In April 1975, the Khmer Rouge were close to taking power in Cambodia. Faced with the threat, Billon Ung left her country, leaving behind her husband, the president of the Cambodian National Assembly Ung Boun Hor. She would never see him again. Convinced that France had handed him over to Pol Pot’s men, she is fighting for the government to acknowledge its responsibility.
Billon Ung opens the door into her home in Nogent-sur-Marne, where she lives in a red-brick apartment building. The pocket-sized apartment in the department of Val-de-Marne is decorated with a jumble of souvenirs: a poster of the Bayon temple in Angkor, Cambodia, stands next to a Swiss cuckoo clock that comes alive with each rotation of the dial. Ms. Ung apologizes for the mess, moves one pile of files, then another. She has an archive to show us.

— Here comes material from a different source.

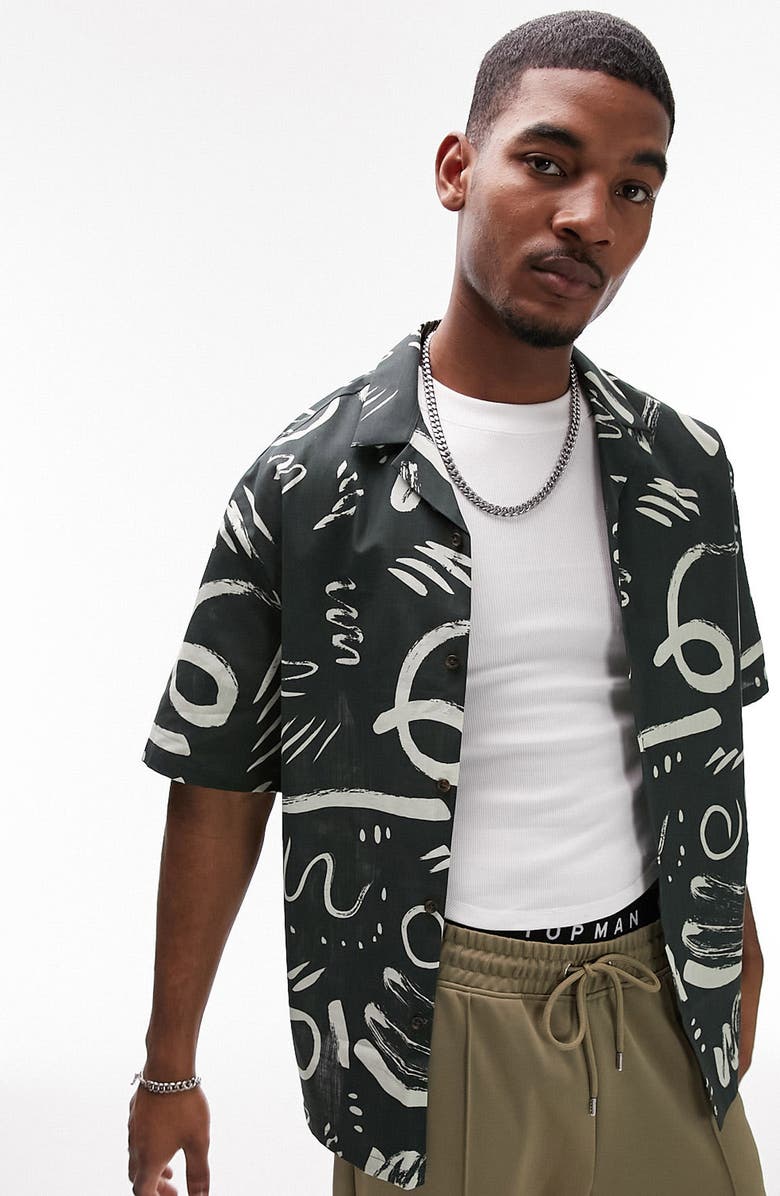 Topman Abstract Print Short Sleeve Button-Up Camp Shirt, Main, color,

She finds it at last; an old issue of Newsweek dated May 19, 1975, the pages of which she carefully unfolds. In the middle of a report on the capture of Phnom Penh by the Khmer Rouge, there is a black and white photo of her husband, Ung Boun Hor. The then-President of the Cambodian National Assembly is clearly frightened, two gendarmes are holding his arms. “Ung Boun Hor is expelled by the French,” the caption reads.